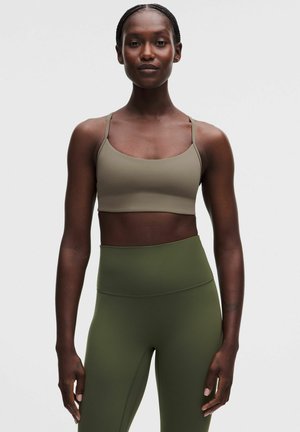 Frau trägt einen beigen Sport-BH und olivgrüne, hoch taillierte Leggings, steht vor einem schlichten, hellen Hintergrund.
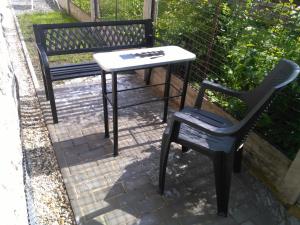 a table and a chair next to a bench at Apartmán GUTINO in Česká Třebová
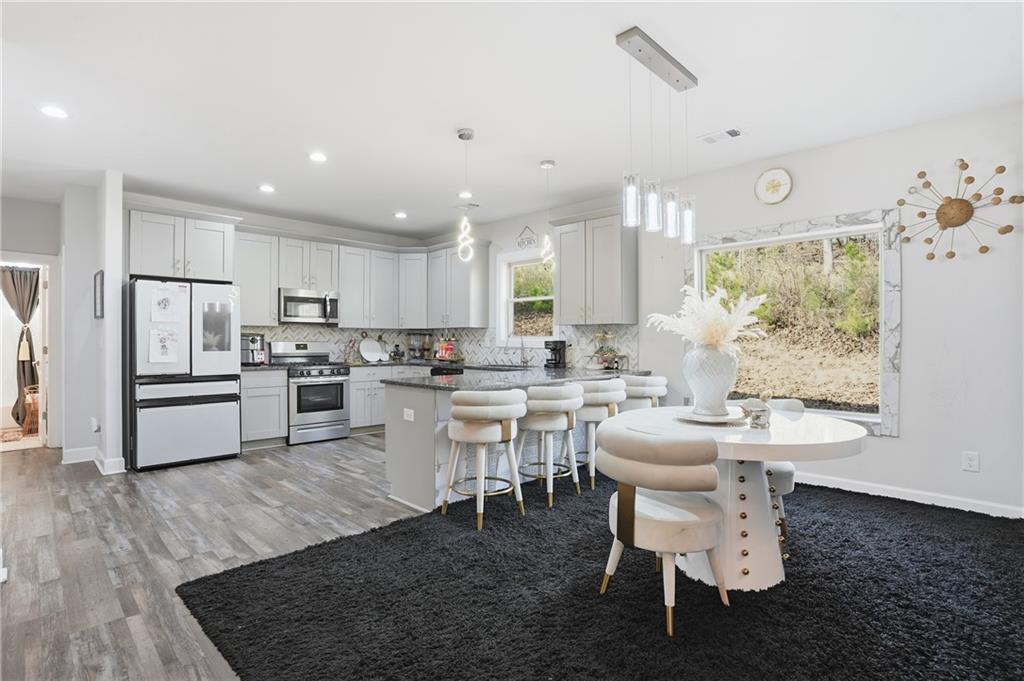 5663 Eternal Drive Atlanta, GA 30349 - Photo 8 of 37 a kitchen with a dining table chairs stove refrigerator and cabinets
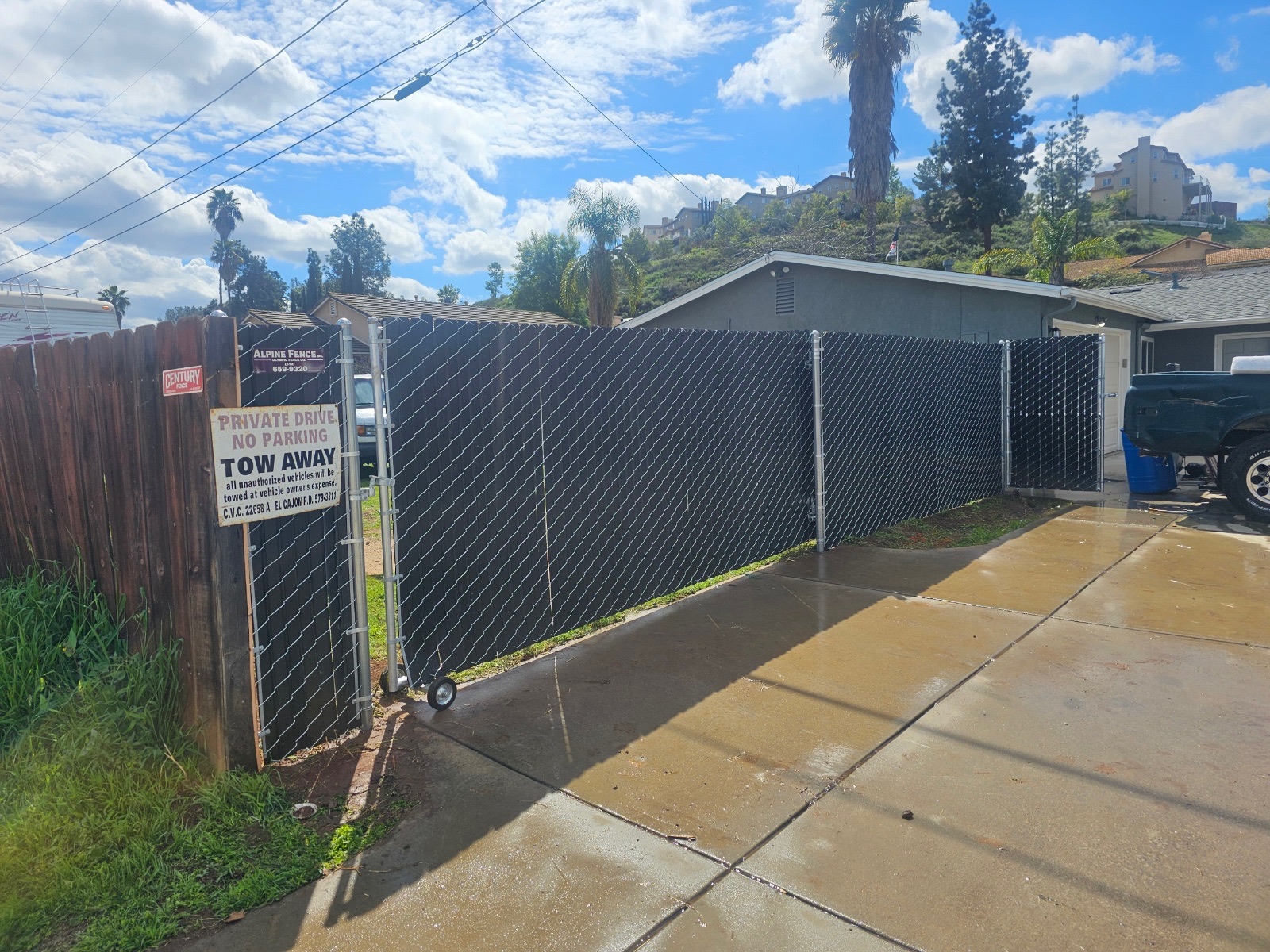 Chain-link slide gate — outside view — by Alpine Fence Company.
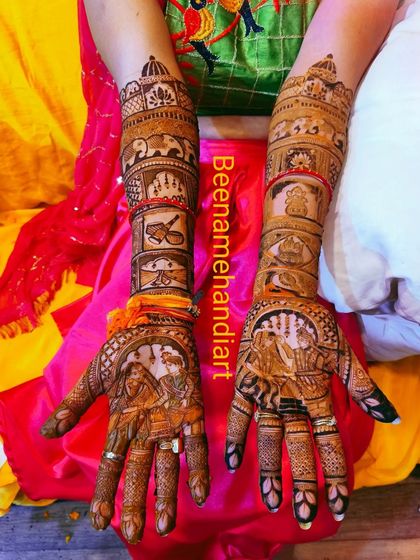 This full bridal mehandi tells the story of the wedding ceremony. The design includes portraits of the couple, family members, and auspicious wedding symbols.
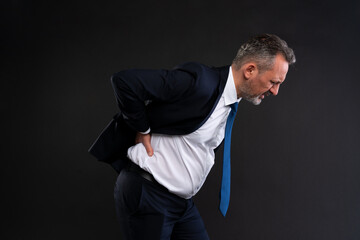 Man with lower back pain in business attire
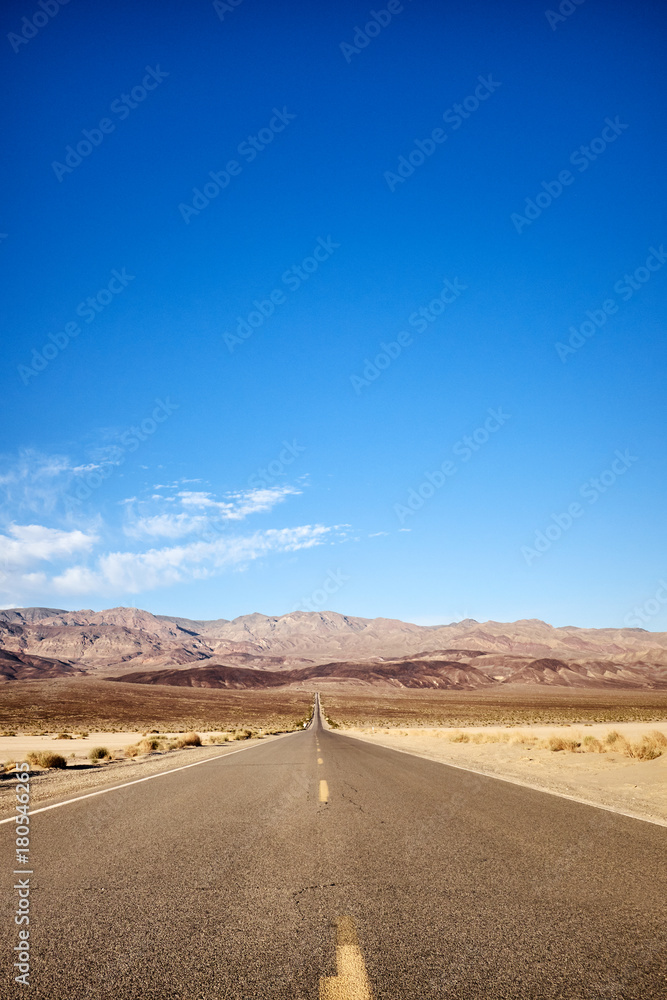 Empty straight road leading to mountains in Death Valley, California, USA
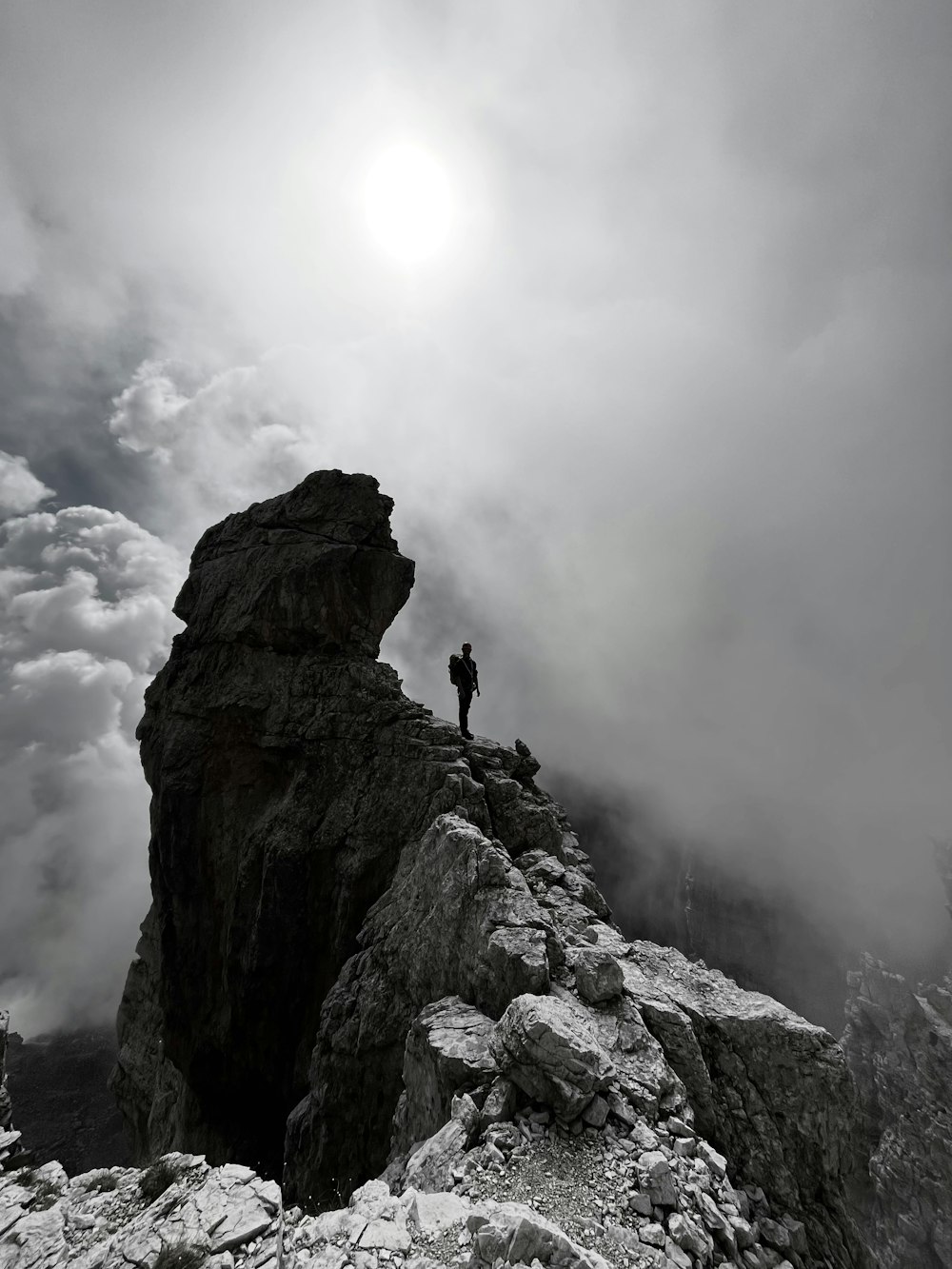 una persona de pie en la cima de una montaña rocosa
※ ※ ※
Brief: In the data, the line that contains "Empty straight road" begins the part to write out; restate it and each line after it word for word through the end, with no pictures.

Answer space:
 Empty straight road leading to mountains in Death Valley, California, USA
 una persona de pie en la cima de una montaña rocosa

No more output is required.